I’m Not Asking for Your Money

I work for a charity and meet with people who donate significant amounts, but I don’t ask them to give money.

I used to do that, and it felt wrong. I felt like I was apologising every time I wanted to meet with them and that they thought I only wanted something from them…which was kind of true – their money.

I got tired of that feeling and of asking people to give money, so I decided to try something else.

Instead of asking people to give, I now invite people to fulfil their purpose through generosity. By giving money to Opportunity, an organisation that they are passionate about, our supporters are finding a way to fulfil their purpose.

They are bringing dignity to those living in poverty.

They are giving back some of what they have received.

They are living out their values.

They are showing care and concern for their fellow human beings.

They are releasing the hold that money can have on those who have it.

They are being generous and reaping the rewards that generosity bring.

So I don’t ask for money. I offer a pathway to purpose.

Why People Give

“When you give to charities, what outcome are you looking to achieve?”

This is the most common question I get to ask people who support Opportunity. It’s important to find out what motivates them to give, mostly so that we can achieve the kind if impact they are looking for.

Often, the answer I get is “I want to make a positive difference”, and after further discussion they tell me about how someone helped them early in their life. So, they give to pass it on and help someone work their way out of poverty.

For many Opportunity supporters they see creating businesses as a great way to help people help themselves. A small loan gets given to kick start their journey out of poverty, by creating a small business which provides them an income. They can then put food on the table, send their kids to school, pay the loan back and leave poverty behind.

The types of business the small loans create in places like India and Indonesia are not what you normally think of. There are no ABN’s, no offices, no IT set up, no convoluted distribution channels. It’s more simple than that. You buy items at one price, take it to a market or the side of the road and sell it for a little bit more. You get a loan in the morning and can create an income to buy food that evening.

Whilst it takes time for loan recipients to fully leave poverty behind, a small loan is the injection they need to start that journey.

That’s what making a positive difference looks like.

$160 is enough to help create a small loan – donate here.

How to Not Be a Jerk

A regular generous act we can be part of is to provide the gift of feedback. We do it all the time, whether we know it or not. Sometimes with words, many times with just our face. Regardless of how we do it, feedback is common.

There is something refreshing about getting someone’s honest opinion on about an issue or something we have created. In certain cultures, feedback gets sugar coated or hidden so that people don’t get offended or embarrassed by their shortcomings. But this doesn’t build trust and it keeps people from getting an accurate understanding of areas they can improve on.
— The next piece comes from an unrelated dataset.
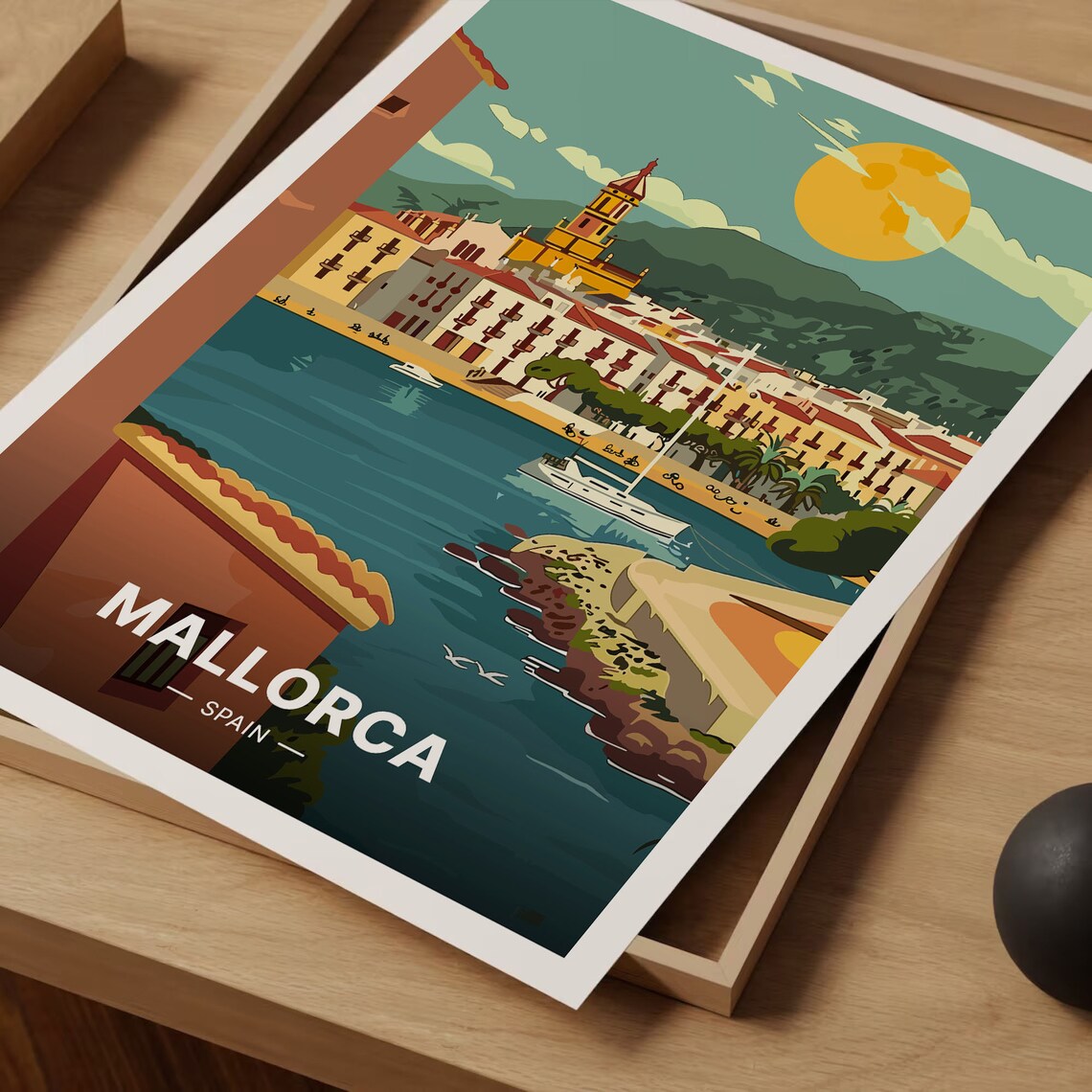 Mallorca Spain Travel Poster, Mediterranean Decor - Image 3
That is one of the reasons that we are drawn to people who don’t have a filter. Normally these are the types of people who say “I just call it as I see it”. Honesty. Refreshing honesty.

But, if you see ‘it’ like a jerk, you will call ‘it’ like a jerk.

Let me give you an example, if you watch someone give a presentation at work and you notice that they are nervous, and stumble over a few words, it is generous to provide feedback on what you have seen so that they can improve – if they are interested in doing so.

One way to give this feedback is:

“I enjoyed your presentation, thank you for taking the time to put this together. I noticed that you looked a little nervous and stumbled over some of your words, perhaps next time we can get together beforehand and practice a little bit. Would that be of interest to you?”

Generous.

Another way is like this:

“You were shaking like a leaf, and I didn’t understand half of what you said. Public speaking is not your thing. Stick to what you are good at.”

Jerk.

Both methods would be considered as “calling it as I see it”, one method just uses it as an excuse to be a jerk.

How you deliver feedback is just as important as what the feedback is. No one can hear it well if you’re a jerk.